━━ THE RECORDS

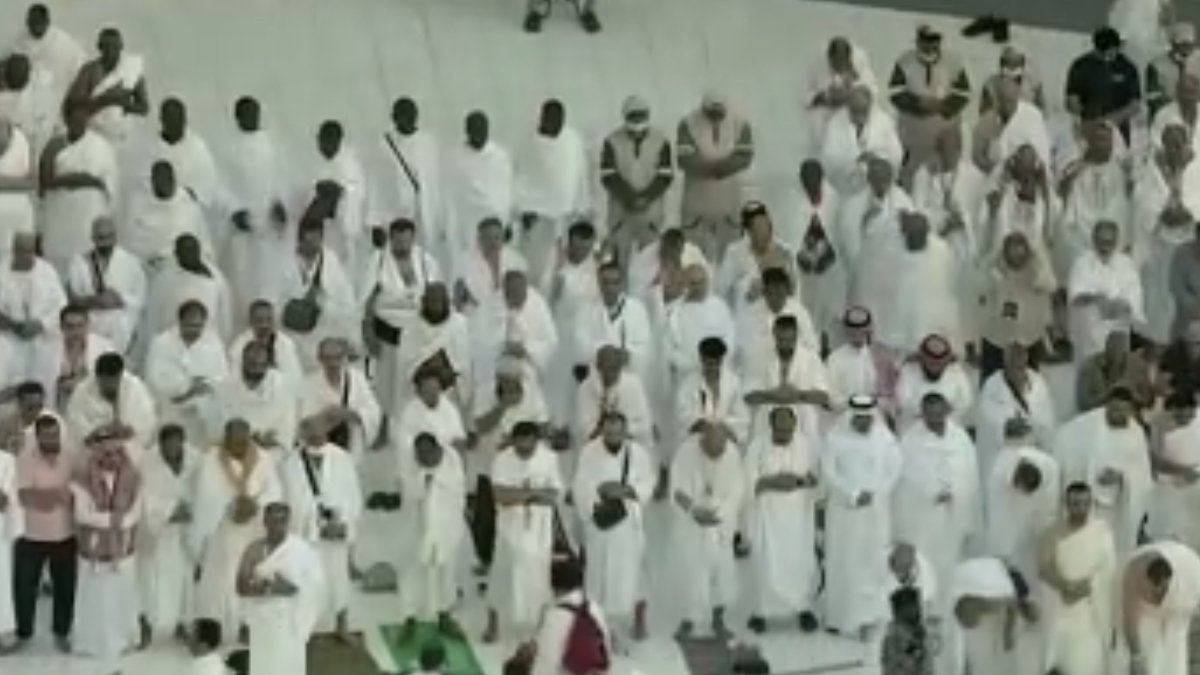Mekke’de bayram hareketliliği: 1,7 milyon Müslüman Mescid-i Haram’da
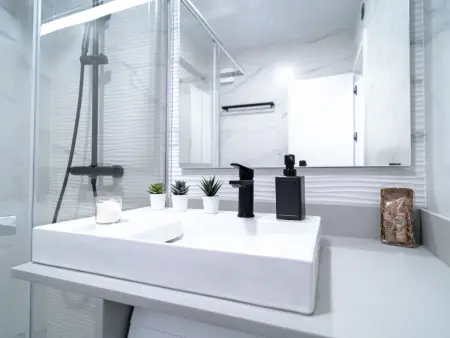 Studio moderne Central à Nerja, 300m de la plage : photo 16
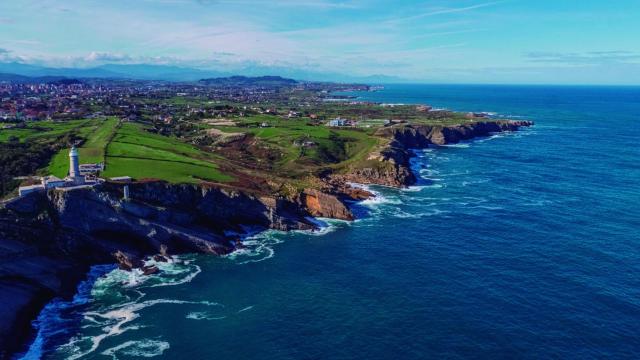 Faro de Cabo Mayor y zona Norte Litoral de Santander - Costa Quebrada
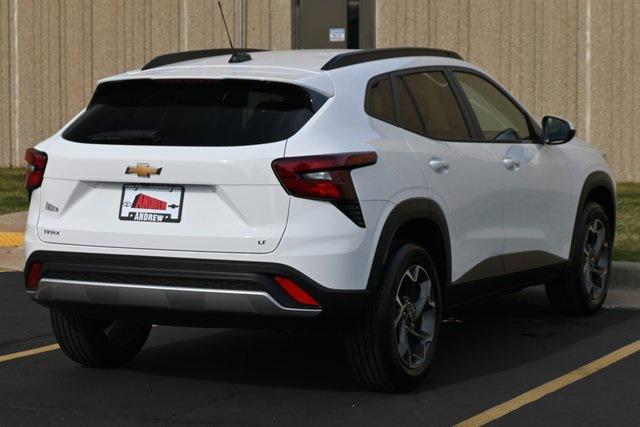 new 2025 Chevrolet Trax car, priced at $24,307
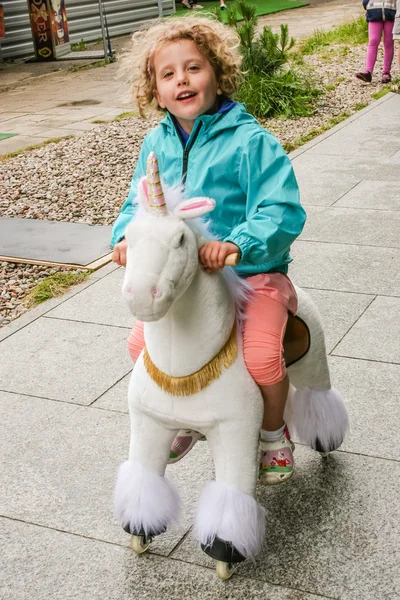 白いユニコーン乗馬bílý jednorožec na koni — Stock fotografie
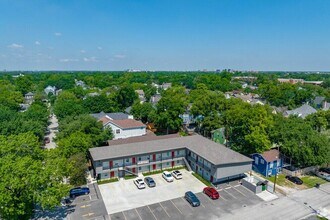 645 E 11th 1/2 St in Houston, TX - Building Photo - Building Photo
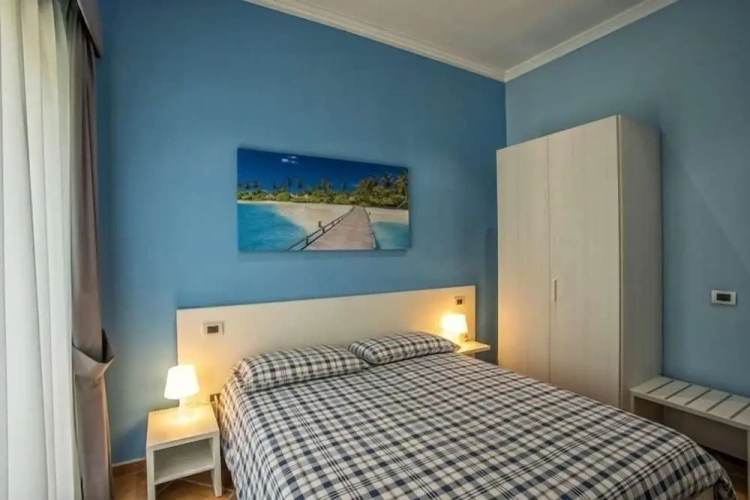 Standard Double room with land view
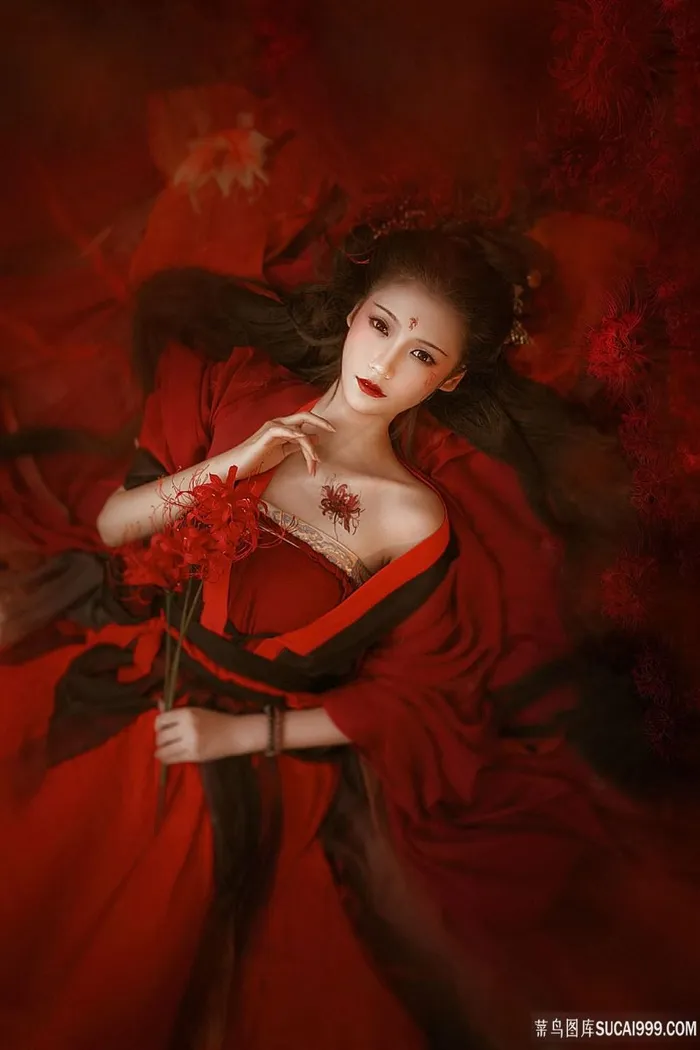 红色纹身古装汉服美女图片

━━━━
━━ THE RECORDS

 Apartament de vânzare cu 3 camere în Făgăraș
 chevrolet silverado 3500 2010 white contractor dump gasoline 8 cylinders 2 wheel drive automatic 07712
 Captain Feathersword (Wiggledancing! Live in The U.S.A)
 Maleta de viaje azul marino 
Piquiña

━━━━

▸ **REQUIRED ACTION**
Nothing but the lines from the one with "new 2025 Chevrolet" to the one with "红色纹身古装汉服美女图片" above, both included, should be transcribed, exactly and without pictures.

▸ **EXERCISE ANSWER**
 new 2025 Chevrolet Trax car, priced at $24,307
 白いユニコーン乗馬bílý jednorožec na koni — Stock fotografie
 645 E 11th 1/2 St in Houston, TX - Building Photo - Building Photo
 Standard Double room with land view
 红色纹身古装汉服美女图片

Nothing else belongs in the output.